Я являюсь по случайности единственным русским, единственным православным и одним из очень немногих верующих членов Парижской академии культур (именно так, во множественном числе). Там господствует настроение секуляризма и лаицизма, и вот когда на эту тему произносились, так сказать, назидания членам академии, я заявил протест. Ну вы знаете, что во французском языке «лаицизм» — это даже еще резче, чем секуляризм, это теперешний синоним того, что в XIX веке называлось бы антиклерикализм, если не прямо-таки «dеchristianisation», как говорили во времена французской революции. Я встал и заявил протест: «Если бы имелись в виду „laicitе“ и „sеcularitе“ как реальное состояние современного общества, то я не заявлял бы никакого протеста, — но вы мне навязываете идеологию.

Лаицизм и секуляризм — это уже идеология. Я приехал из своей страны, где мы имели слишком неприятный опыт с навязыванием идеологии и т. д.» Вот я думаю, что мы должны отчетливо различать реальность, которую мы должны в определенном смысле уважать именно как реальность, которая не только что-то отнимает у нас сравнительно с предыдущими эпохами, но, несомненно, и что-то дает, мы не смеем закрывать глаза ни на что, чему она нас научает, даже если мы получаем «вместо мудрости опытность, // пресное, неутоляющее питье», как сказано у Ахматовой, если мы всего-навсего становимся опытнее и никак не мудрее — все равно мы не имеем права притворяться, что мы все еще в каком-то Граде Китеже. Мы должны быть — страшно сказать — учениками Христовыми вот здесь и сейчас, не где-то еще. Но что касается «измов» — то это совсем другой вопрос.
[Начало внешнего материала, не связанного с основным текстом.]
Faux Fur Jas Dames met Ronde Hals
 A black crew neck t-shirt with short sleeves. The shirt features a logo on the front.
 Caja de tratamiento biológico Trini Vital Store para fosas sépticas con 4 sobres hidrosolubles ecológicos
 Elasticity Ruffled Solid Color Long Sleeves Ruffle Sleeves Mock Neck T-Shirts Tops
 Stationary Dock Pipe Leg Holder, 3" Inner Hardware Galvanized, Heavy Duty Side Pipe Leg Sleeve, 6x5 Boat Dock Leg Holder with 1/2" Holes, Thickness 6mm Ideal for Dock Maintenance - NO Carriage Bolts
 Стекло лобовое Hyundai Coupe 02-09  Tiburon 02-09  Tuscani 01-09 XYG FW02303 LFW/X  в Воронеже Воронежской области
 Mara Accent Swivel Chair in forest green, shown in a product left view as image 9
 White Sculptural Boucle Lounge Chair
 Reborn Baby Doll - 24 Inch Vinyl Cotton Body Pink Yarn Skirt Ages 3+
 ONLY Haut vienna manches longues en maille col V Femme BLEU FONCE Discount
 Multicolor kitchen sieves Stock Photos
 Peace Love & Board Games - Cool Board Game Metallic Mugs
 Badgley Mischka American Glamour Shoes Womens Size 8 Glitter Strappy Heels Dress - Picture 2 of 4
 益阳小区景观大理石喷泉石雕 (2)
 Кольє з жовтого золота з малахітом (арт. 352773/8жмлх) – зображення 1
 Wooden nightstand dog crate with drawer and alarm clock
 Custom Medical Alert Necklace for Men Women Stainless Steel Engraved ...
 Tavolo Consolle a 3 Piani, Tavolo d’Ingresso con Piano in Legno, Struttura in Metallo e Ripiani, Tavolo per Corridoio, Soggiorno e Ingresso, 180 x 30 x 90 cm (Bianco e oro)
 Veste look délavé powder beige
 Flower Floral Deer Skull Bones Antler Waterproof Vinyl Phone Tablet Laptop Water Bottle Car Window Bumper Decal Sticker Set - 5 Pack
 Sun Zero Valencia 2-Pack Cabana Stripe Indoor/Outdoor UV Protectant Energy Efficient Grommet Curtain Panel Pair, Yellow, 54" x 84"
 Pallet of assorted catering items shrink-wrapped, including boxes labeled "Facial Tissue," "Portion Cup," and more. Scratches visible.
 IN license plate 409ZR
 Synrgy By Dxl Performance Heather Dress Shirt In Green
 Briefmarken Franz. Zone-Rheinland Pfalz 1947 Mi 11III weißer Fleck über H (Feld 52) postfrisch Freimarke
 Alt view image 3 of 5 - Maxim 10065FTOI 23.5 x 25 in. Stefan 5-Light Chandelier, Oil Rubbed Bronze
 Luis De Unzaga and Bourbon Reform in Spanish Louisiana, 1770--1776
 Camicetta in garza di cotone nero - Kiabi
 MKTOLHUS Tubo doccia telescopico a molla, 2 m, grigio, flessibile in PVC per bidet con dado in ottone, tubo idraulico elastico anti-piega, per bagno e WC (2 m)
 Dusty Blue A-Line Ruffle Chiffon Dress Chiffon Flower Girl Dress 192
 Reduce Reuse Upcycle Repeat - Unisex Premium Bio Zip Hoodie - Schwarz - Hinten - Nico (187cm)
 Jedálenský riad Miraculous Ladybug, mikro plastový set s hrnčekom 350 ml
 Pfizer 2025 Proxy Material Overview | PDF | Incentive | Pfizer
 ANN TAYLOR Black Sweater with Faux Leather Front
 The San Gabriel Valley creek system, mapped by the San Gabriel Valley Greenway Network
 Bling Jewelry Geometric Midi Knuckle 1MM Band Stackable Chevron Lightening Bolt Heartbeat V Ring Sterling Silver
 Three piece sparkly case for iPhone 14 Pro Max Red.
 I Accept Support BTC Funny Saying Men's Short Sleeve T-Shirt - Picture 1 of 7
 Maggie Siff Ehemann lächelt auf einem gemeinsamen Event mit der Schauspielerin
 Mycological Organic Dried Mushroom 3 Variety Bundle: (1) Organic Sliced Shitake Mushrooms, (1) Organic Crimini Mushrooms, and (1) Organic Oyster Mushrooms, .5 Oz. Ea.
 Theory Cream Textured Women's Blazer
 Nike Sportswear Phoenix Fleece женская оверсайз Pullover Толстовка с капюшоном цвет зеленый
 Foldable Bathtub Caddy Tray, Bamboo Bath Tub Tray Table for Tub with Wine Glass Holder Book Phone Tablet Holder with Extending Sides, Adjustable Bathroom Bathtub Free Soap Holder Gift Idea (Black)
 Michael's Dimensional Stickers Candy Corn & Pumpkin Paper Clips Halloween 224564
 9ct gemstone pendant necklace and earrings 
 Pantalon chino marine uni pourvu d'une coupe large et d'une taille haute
А теперь я перехожу, наконец, к богословию. Это слово я произношу не без некоторого трепета, и мне вспоминается, как один из замечательных философов нашего века, немецкий философ Карл Ясперс объясняет в своей автобиографии, почему он, твердо зная еще со школьной скамьи, что будет заниматься философией, не стал поступать на философский факультет. Ему казалось невозможным выговорить: «Я собираюсь поступить на философский факультет». Взрослые будут спрашивать: «Мальчик (или молодой человек), а кем ты, собственно, будешь?» — «Философом…» Платон, Аристотель, Кант, Гегель — а теперь вот я буду философом. Ну, вы понимаете, что к богословию все это относится по формуле «кольми паче». С другой стороны, в Первом послании апостола Петра мы читаем слова: «Будьте всегда готовы всякому, требующему у вас отчета в вашем уповании, дать ответ с кротостью и благоговением» (1Пет. 3:15).

Кротость — это весьма важно, между прочим, как закон для христианского богословствования; но я о другом: очень интересны эти слова — «отчет» и «ответ». Отчет — по-гречески употреблено слово «апология». Вообще говоря, мы знаем, что ранних христианских богословов принято называть апологетами, но апология в быту тех времен было обычным обозначением для защитительной речи в суде. Это слово «апология» сразу предполагает идею некоего судоговорения. В каком смысле судоговорение? В течение длительного времени предполагалось, и это соответствовало вполне гармонично и естественно определенным структурам культуры, определенным структурам сознания, что это судоговорение наилучшим образом реализуется в прении о вере, построенном наподобие судебного прения о вере с инаковеруюшими и также с неверующими. И очень важным занятием богословов в течение многих веков было составление доказательств бытия Божия, но и также, разумеется, спор с инаковерующими.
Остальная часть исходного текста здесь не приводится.